REQUIRED ACTION
Once you find the line with "Gương Bàn Trang" in the entries below, print it and each line after it up to and including the line with "Michael Todd Beauty", exactly, without pictures.

PROVIDED INFORMATION
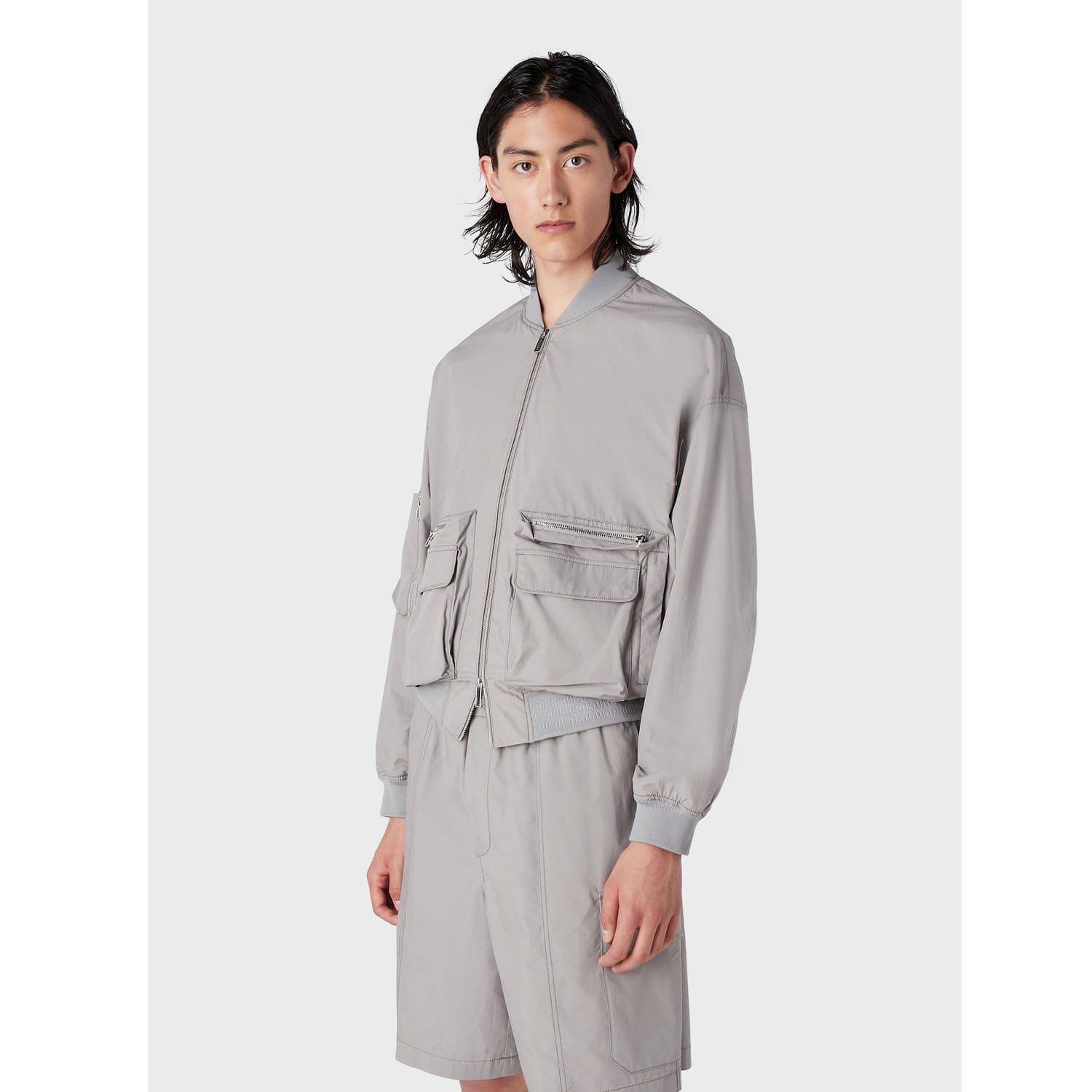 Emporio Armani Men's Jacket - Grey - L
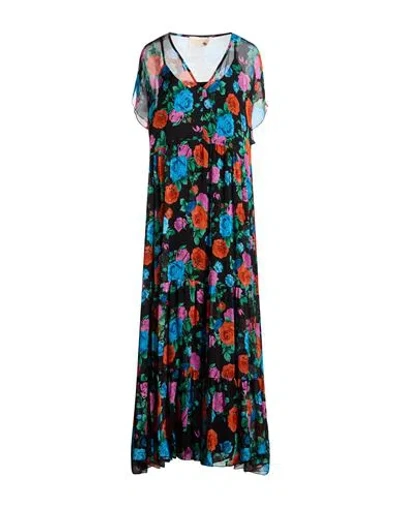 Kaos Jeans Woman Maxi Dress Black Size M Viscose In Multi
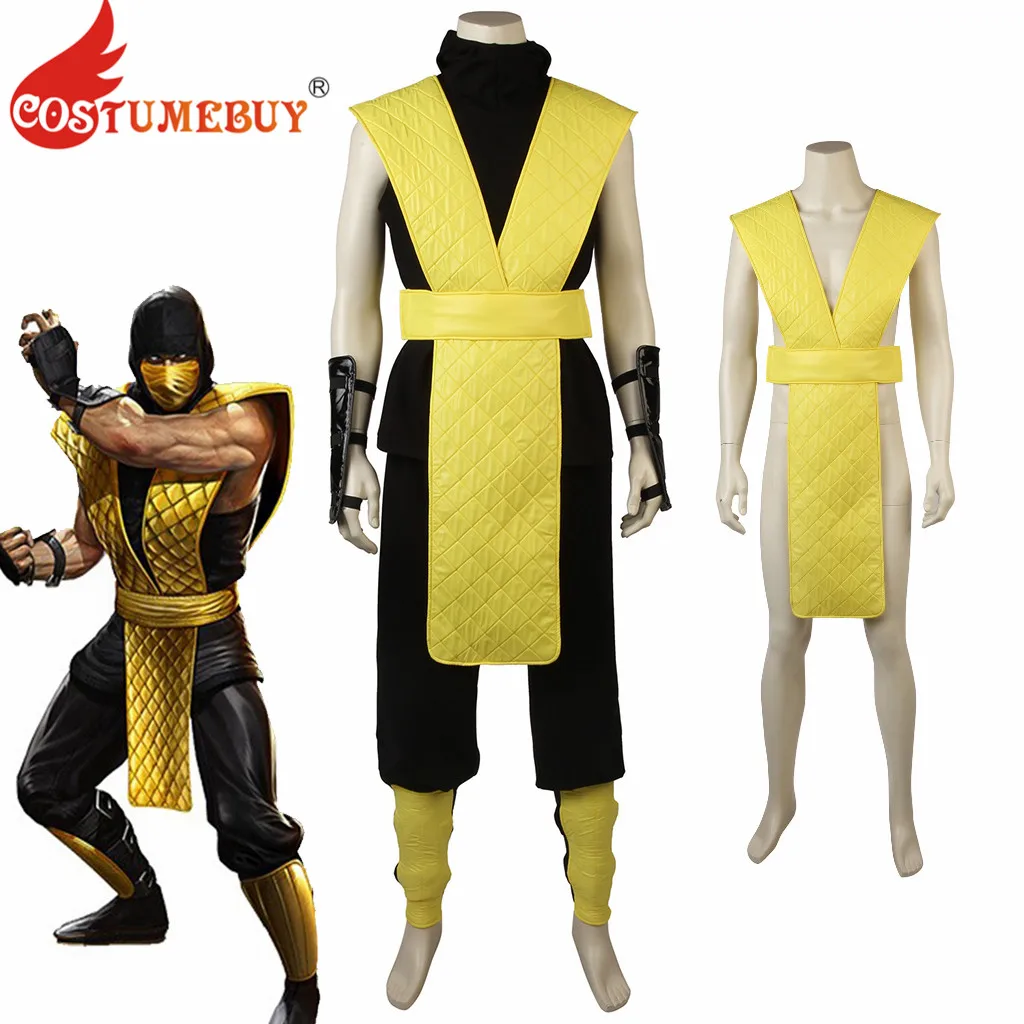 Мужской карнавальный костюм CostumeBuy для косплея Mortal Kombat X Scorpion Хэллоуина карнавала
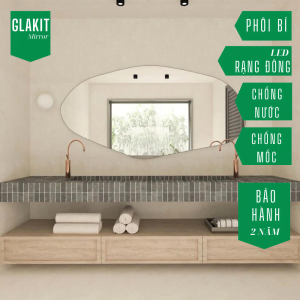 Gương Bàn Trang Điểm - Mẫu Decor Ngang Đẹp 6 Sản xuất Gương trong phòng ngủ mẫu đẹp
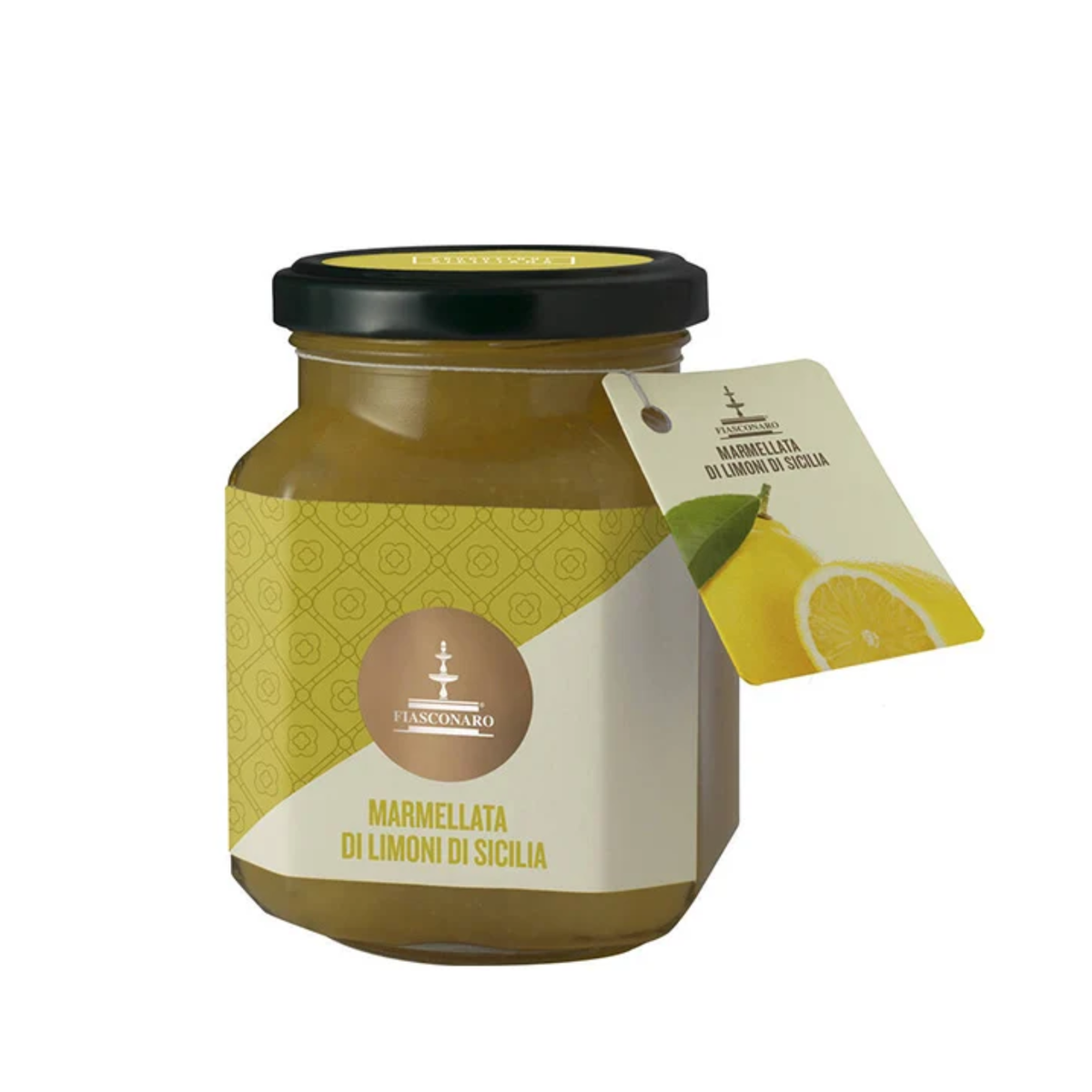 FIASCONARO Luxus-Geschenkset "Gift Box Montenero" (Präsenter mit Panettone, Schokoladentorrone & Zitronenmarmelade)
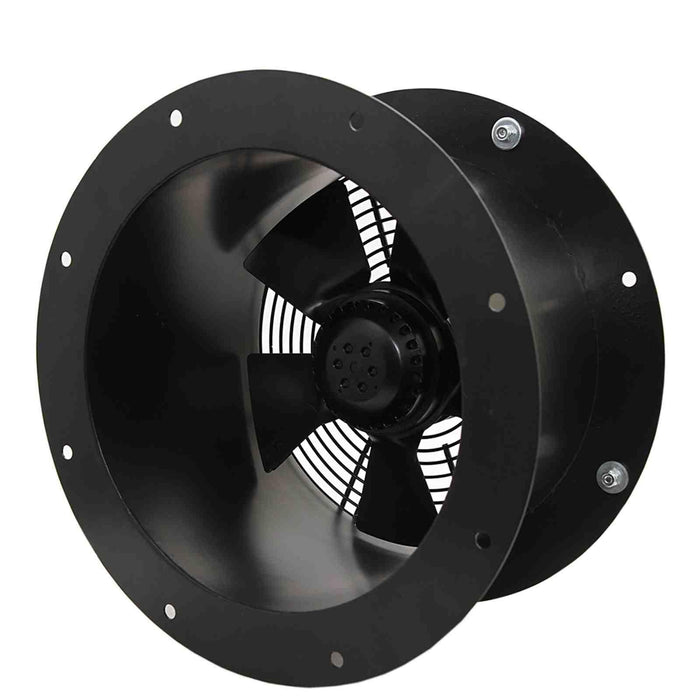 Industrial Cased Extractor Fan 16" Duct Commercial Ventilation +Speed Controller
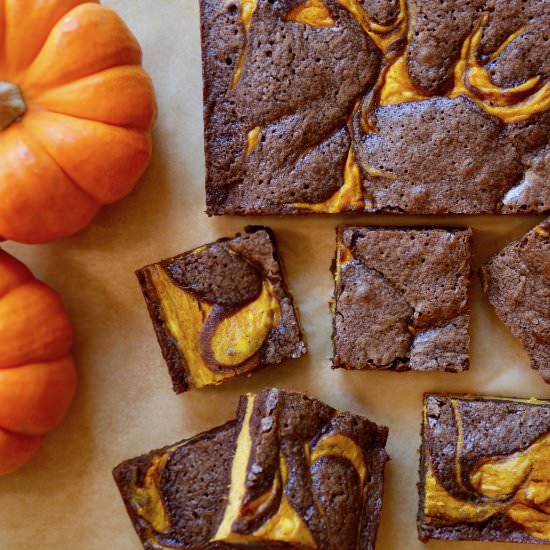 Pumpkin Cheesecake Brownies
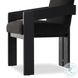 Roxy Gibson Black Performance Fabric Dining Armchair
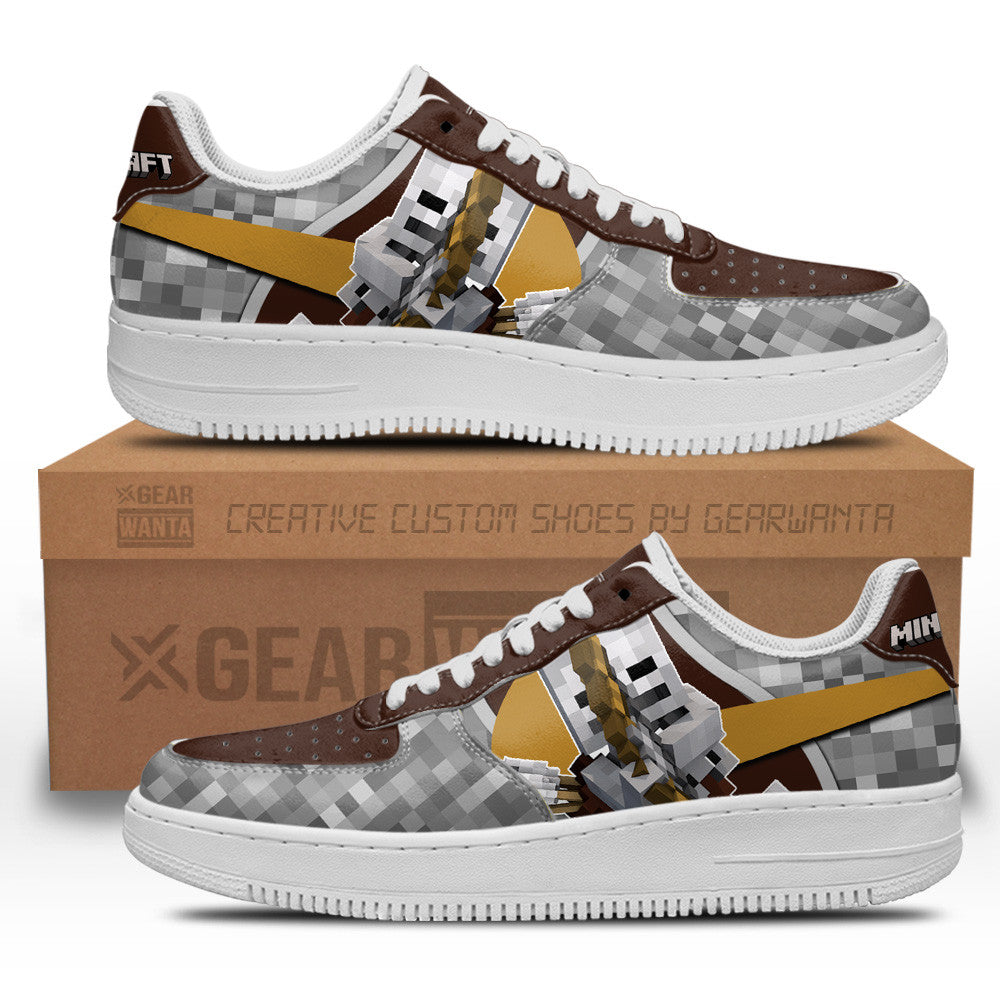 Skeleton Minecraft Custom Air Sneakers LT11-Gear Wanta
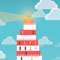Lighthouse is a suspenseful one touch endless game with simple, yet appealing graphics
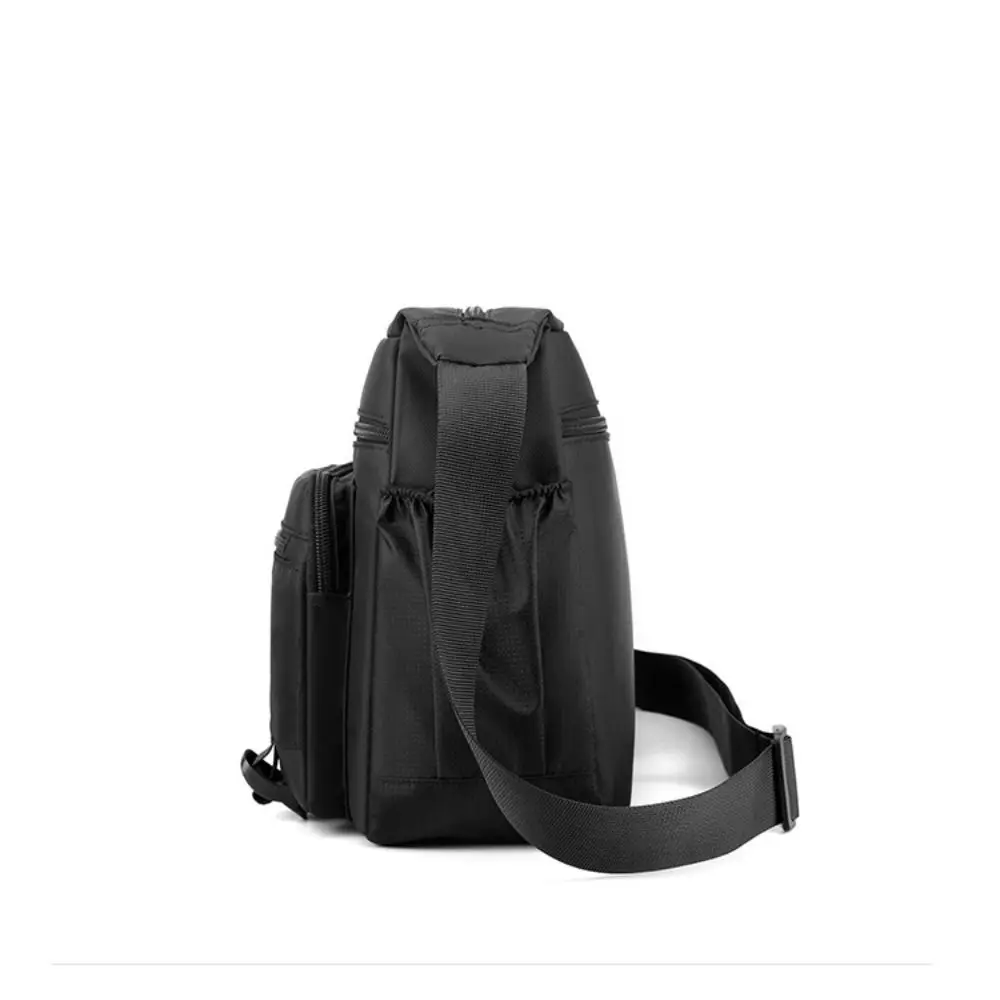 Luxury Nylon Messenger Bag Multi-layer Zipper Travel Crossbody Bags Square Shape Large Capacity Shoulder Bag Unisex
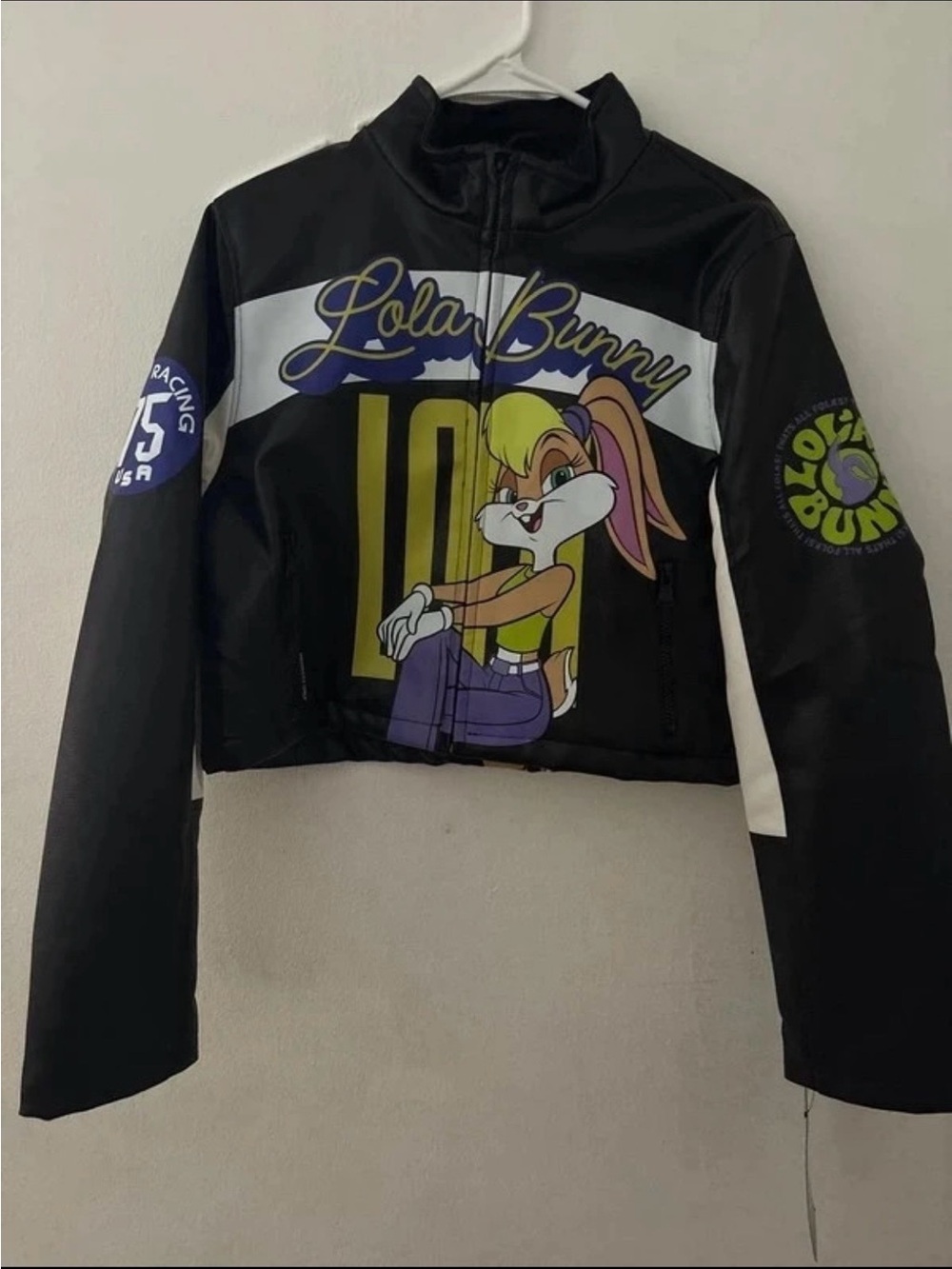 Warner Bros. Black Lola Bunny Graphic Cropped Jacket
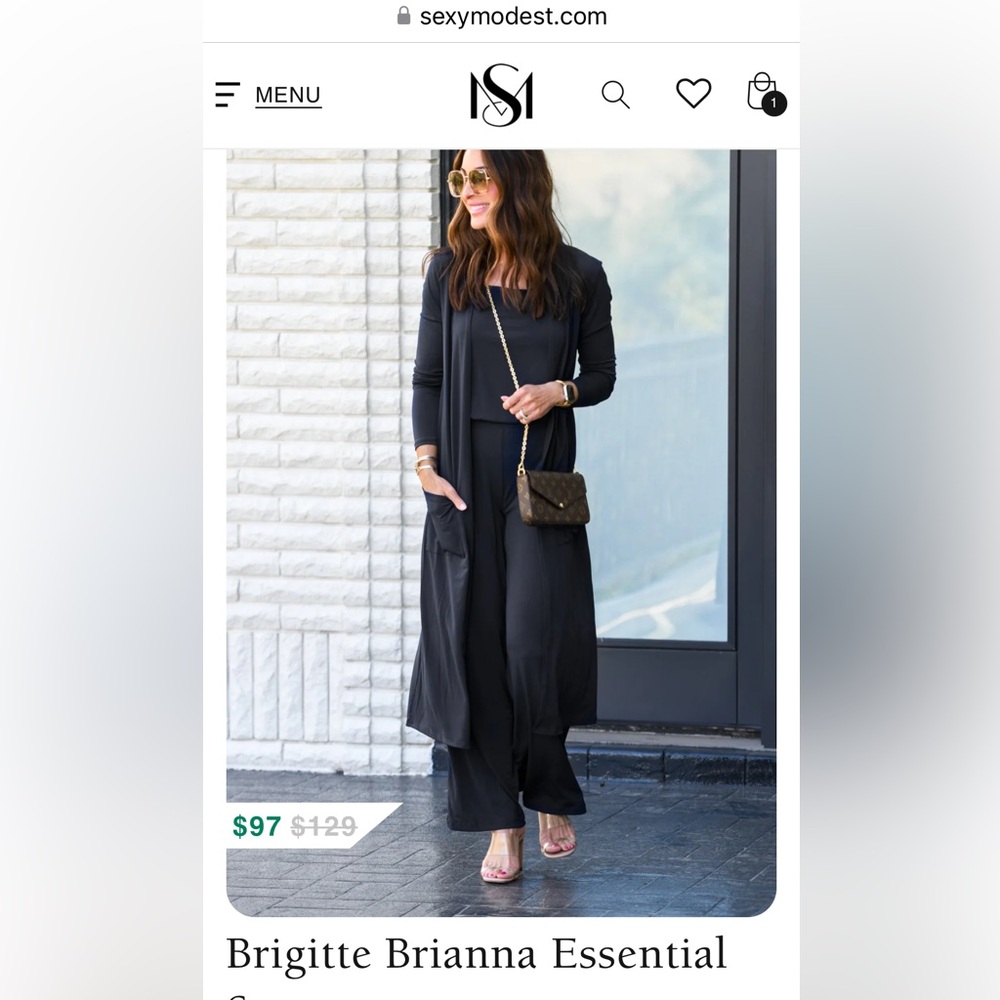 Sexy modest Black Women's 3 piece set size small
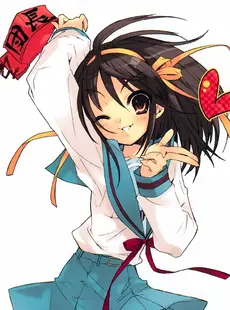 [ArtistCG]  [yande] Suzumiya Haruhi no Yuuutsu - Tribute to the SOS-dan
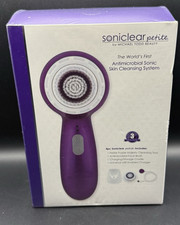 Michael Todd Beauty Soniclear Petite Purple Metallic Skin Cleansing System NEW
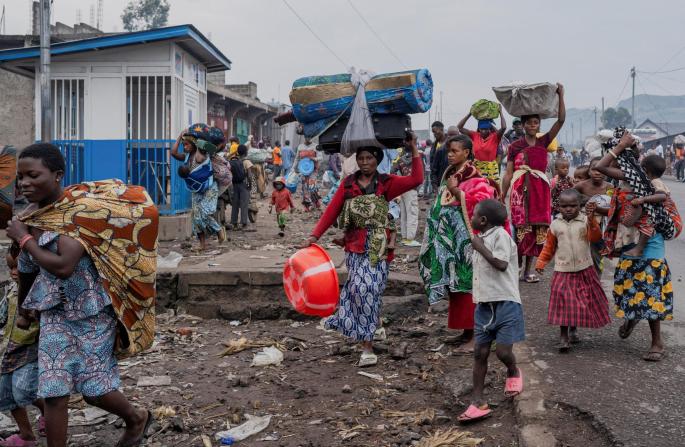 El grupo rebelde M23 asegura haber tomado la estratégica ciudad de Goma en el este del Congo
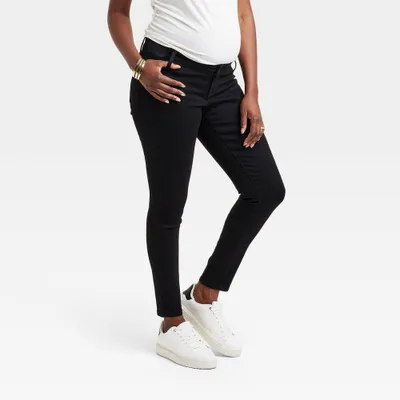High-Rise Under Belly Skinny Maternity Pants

YOUR SOLUTION
 Gương Bàn Trang Điểm - Mẫu Decor Ngang Đẹp 6 Sản xuất Gương trong phòng ngủ mẫu đẹp
 FIASCONARO Luxus-Geschenkset "Gift Box Montenero" (Präsenter mit Panettone, Schokoladentorrone & Zitronenmarmelade)
 Industrial Cased Extractor Fan 16" Duct Commercial Ventilation +Speed Controller
 Pumpkin Cheesecake Brownies
 Roxy Gibson Black Performance Fabric Dining Armchair
 Skeleton Minecraft Custom Air Sneakers LT11-Gear Wanta
Lighthouse is a suspenseful one touch endless game with simple, yet appealing graphics
 Luxury Nylon Messenger Bag Multi-layer Zipper Travel Crossbody Bags Square Shape Large Capacity Shoulder Bag Unisex
 Warner Bros. Black Lola Bunny Graphic Cropped Jacket
 Sexy modest Black Women's 3 piece set size small
 [ArtistCG]  [yande] Suzumiya Haruhi no Yuuutsu - Tribute to the SOS-dan
 Michael Todd Beauty Soniclear Petite Purple Metallic Skin Cleansing System NEW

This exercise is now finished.